The aforementioned studies show that the data-driven proxy models developed by the ANN approach can offer a potent tool for resolving performance forecasting problems in the oil and gas industry. ANN is generally classified into two types, namely, the feedforward neural network and feedback neural network. The feedback neural network has a much more complicated network structure than that of the feedforward neural network and as a result, it is more sophisticated for solving a wide range of forecasting problems [6]. However, due to the complexity of proxy models developed by the feedback neural network and the difficulty associated with using such models, in this study, the data-driven proxy models were developed by taking advantage of the feedforward neural network. The required data sets for training the proxy models were generated by the industry-standard physics-based reservoir simulator EclipseTM. The Latin hypercube sampling approach (LHS), which is a pseudo-random sampling method, was applied for the design of experiment (DOE). Moreover, by enlisting a new algorithm, the developed proxy models were able to predict cumulative oil and water production through advanced wells by passing the time. The developed data-driven proxy models were utilized to efficiently and accurately investigate the performance of advanced wells with different completion designs. Therefore, the developed methodology enables petroleum engineers to improve the design of advanced wells under uncertain geological parameters.

2. Data and Methods

2.1. Development of the Physics-Based Integrated Well–Reservoir Model

In this paper, this study was conducted through the modeling and simulation of oil recovery from an advanced horizontal well in a synthetic heterogeneous reservoir with uncertain rock and fluid properties. It is assumed that a strong aquifer attached to the bottom face of the reservoir maintains the reservoir pressure. The reservoir has a length of 1000 m, a width of 70 m, and a thickness of 30 m. The length of the horizontal well is considered to be the same as the length of the reservoir and it is located 5.5 m below the top of the reservoir. Oil is produced with a constant pressure drawdown of 8 bar as long as the liquid production rate is below 1000 m3/day. To maintain the liquid production rate below its threshold, the pressure drawdown is lowered when the rate of liquid production rises over 1000 m3/day. A schematic of the horizontal well and reservoir is shown in Figure 2.
The reservoir pressure and temperature are 130 bar and 68 °C, respectively.

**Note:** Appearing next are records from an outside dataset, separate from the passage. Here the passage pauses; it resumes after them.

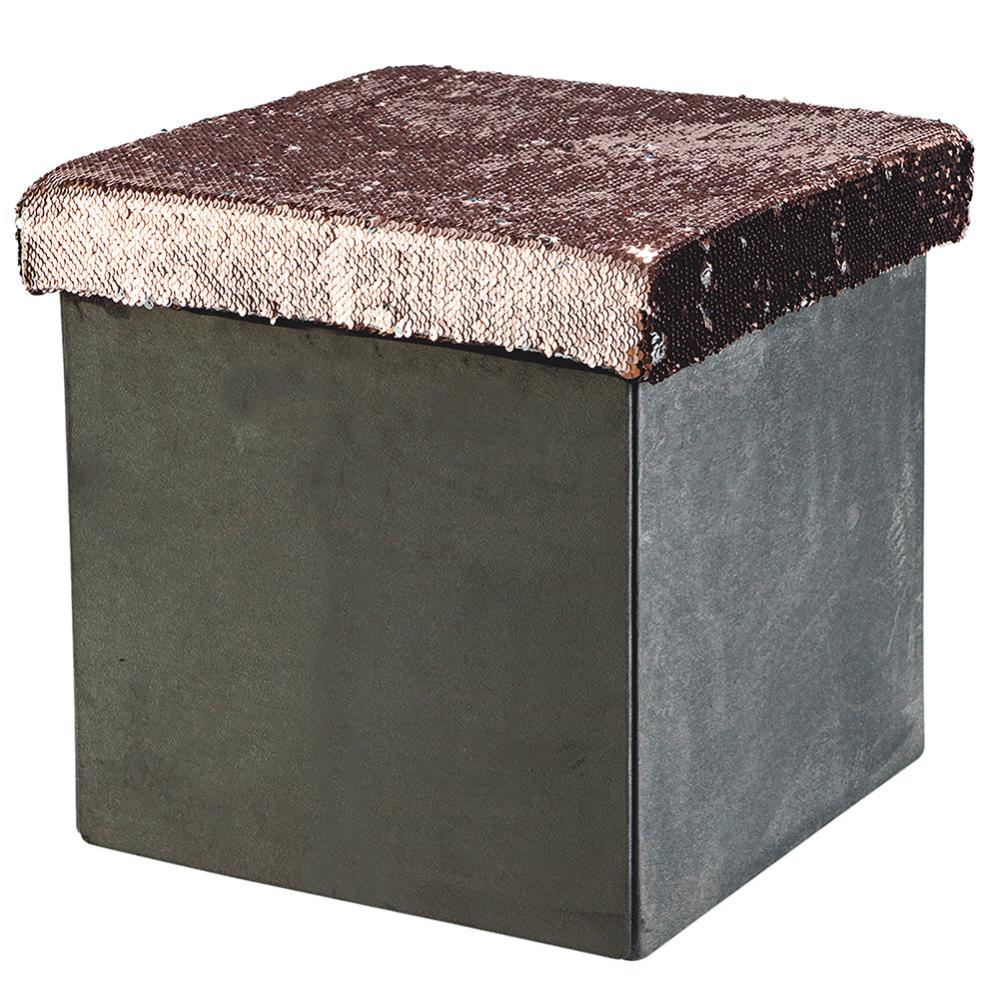 Pouf contenitore quadrato multiuso richiudibile 38x38xh38 cm da interno in tessuto effetto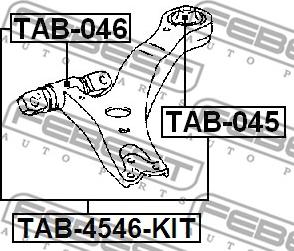 Febest TAB-046 - Сайлентблок, рычаг подвески колеса autospares.lv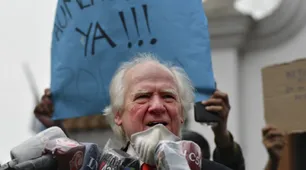 Juan Carlos Blumberg estuvo en la marcha de los policías: "Berni es un payaso"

The reservoir contains live oil with a viscosity of 2.7 cP and a density of 900 kg/m3. Table 1 provides information on the reservoir’s characteristics and their range of uncertainty. The ratio of vertical permeability to horizontal permeability is defined as permeability anisotropy.
The reservoir is considered to be a heterogenous sandstone reservoir, and it is assumed that porosity has a Gaussian distribution in the range of 0.15 and 0.27 with a mean value of 0.21 throughout the reservoir. Since permeability is related to porosity, the Carman–Kozeny relation [17], which relates permeability to porosity, is used to calculate the variation of permeability based on the distribution of porosity in the reservoir. Figure 3 illustrates the variation of porosity and permeability throughout the reservoir. As can be seen in the figure, permeability has variations in the range of 100–800 mD in the reservoir.
Using Standing’s black oil correlations [18], the reservoir oil properties as a function of pressure at the reservoir temperature were calculated and are presented in Figure 4 and used to develop the model in the Eclipse simulator.
In order to model advanced wells completed with FCDs and AFIs, the Multisegment Well Model (MSW) available in the Eclipse simulator was used. As depicted in Figure 5, in this model, one branch is considered to model the production tubing, and each isolated zone of the annulus is also modeled by a separate branch. Each branch consists of a series of one-dimensional segments, including a node and a flow path. The annulus segments can be connected to none or any number of reservoir grids to accept the inflow from the reservoir. Moreover, a specific segment can be added between the annulus and tubing segments to model each FCD. With this configuration, at first, the reservoir fluids enter the annulus via the annulus segments and then pass into the production tubing through FCDs [19].
In the MSW model, an AICD or AICV segment is introduced to the Eclipse simulator in the form of a specific mathematical model describing the rate of fluid flow passing through each AICD/AICV as a function of the pressure drop across it. This model can be derived by performing nonlinear regression on the available experimental data presenting the performance of such devices. However, an ICD segment is specified for the Eclipse simulator by its nozzle cross-sectional area (or diameter). Figure 6 shows the performance curves of ICDs, AICDs, and AICVs for oil, water, and gas obtained by laboratory tests under the reservoir conditions assumed in this paper.
By assuming only two phases of oil and water in the reservoir and using the given performance curves in Figure 6 for ICDs, the nozzle’s cross-section diameter of ICDs was calculated, which is 2 mm assuming a discharge coefficient of 0.61. Moreover, by performing nonlinear curve-fitting on the performance curves of AICDs and AICVs, Equations (1) and (2) were derived for the modeling of AICDs and AICVs, respectively. In these equations, Δ P is the pressure drop across the valve in bar, and Q ˙ is the rate of fluid flow passing through the valve in m3/h. ρ m i x and μ m i x are the fluid mixture density and viscosity, respectively, and they were calculated using Equation (3) based on the water cut α . The derived mathematical models for AICDs and AICVs vs. the experimental data are shown in Figure 7:
Δ P A I C D = 0.0737 ( ρ m i x 2 1000 ) ( 1 μ m i x ) 0.2689 Q ˙ A I C D 2.1805
Δ P A I C V = 0.5740 ( ρ m i x 2 1000 ) ( 1 μ m i x ) 2.3625 Q ˙ A I C V 2.0051
ρ m i x = α o i l ρ o i l + α w a t e r ρ w a t e r μ m i x = α o i l μ o i l + α w a t e r μ w a t e r
By integrating the developed models for the reservoir and advanced wells with different FCDs, the oil recovery from such wells can be simulated. The obtained results from the simulation for different cases and scenarios covering the uncertainty range were used to generate the required data sets for training and validation of the proxy models. Figure 8 illustrates the simulation results for the cumulative oil and water production from advanced wells with different FCD completions compared to the conventional well (open-hole) for the base case over 10 years.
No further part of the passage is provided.